He Built a Billion-Dollar Startup, Retired His Parents, Turned Down $60 Million and Then the Hard Part Started.

Vinay Hiremath's post-exit essay was titled "I am rich and have no idea what to do with my life." The startup world doesn't talk enough about what it describes.

Jayanth Kumar

When people talk about startup exits, they talk about the number. What they talk about far less is what often comes next when the urgency disappears, the calendar clears, and no one needs you in the morning anymore.

Vinay Hiremath, co-founder and former CTO of Loom, has been unusually public about that experience. After Atlassian acquired Loom in October 2023 for close to $975 million, Hiremath was offered a reported $60 million to stay on and help with the transition. He said no.

From the outside, that choice can seem baffling. From the inside, it made sense. Staying would have extended a role he already felt done with. Leaving meant freedom but also the kind of disorientation that financial security can't fix on its own.

Hiremath had spent nearly a decade becoming Loom. He dropped out of the University of Illinois and teamed up with Joe Thomas and Shahed Khan in 2016 to build a simple video messaging tool for workplace communication. It worked. Loom scaled to more than 25 million registered users and roughly 200,000 paying customers. Users were recording over 1.5 billion minutes of video every quarter. With nearly $200 million raised from Sequoia and Andreessen Horowitz, the company's valuation reached around $1.5 billion by 2021.
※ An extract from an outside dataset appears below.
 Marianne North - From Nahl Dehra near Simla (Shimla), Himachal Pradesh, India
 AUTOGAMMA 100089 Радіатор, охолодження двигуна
When a company grows like that, the founder often grows into it just as completely. The metrics become the identity. The momentum becomes the meaning. Hiremath later wrote that as Loom continued to scale, his sense of self became tied to the company's performance. When the business went through its first layoffs, he wrote that he felt the blow personally like a part of himself had failed alongside it.

After the acquisition, what replaced that structure was largely silence. He explored public policy. He tried robotics startups. He climbed Himalayan peaks. He took physics courses in Hawaii. Each pursuit offered novelty, but none offered permanence. Without deadlines or responsibility, everything felt optional and therefore weightless.

There was at least one moment that cut through all of it. Using proceeds from a secondary sale, Hiremath gave $1.7 million to his parents so they could retire. He later described watching their faces as the significance settled in as probably the most meaningful thing money has given him.

But the larger question who am I when I'm no longer building this company? didn't resolve itself automatically. And that, Hiremath has suggested, is the honest part of the exit story that rarely gets told. Purpose doesn't reappear on its own once the pressure lifts. It has to be rebuilt, slowly and without the familiar scaffolding of metrics and momentum.

The exit was real. The number was real. The difficulty that followed it was just as real and probably more useful to acknowledge.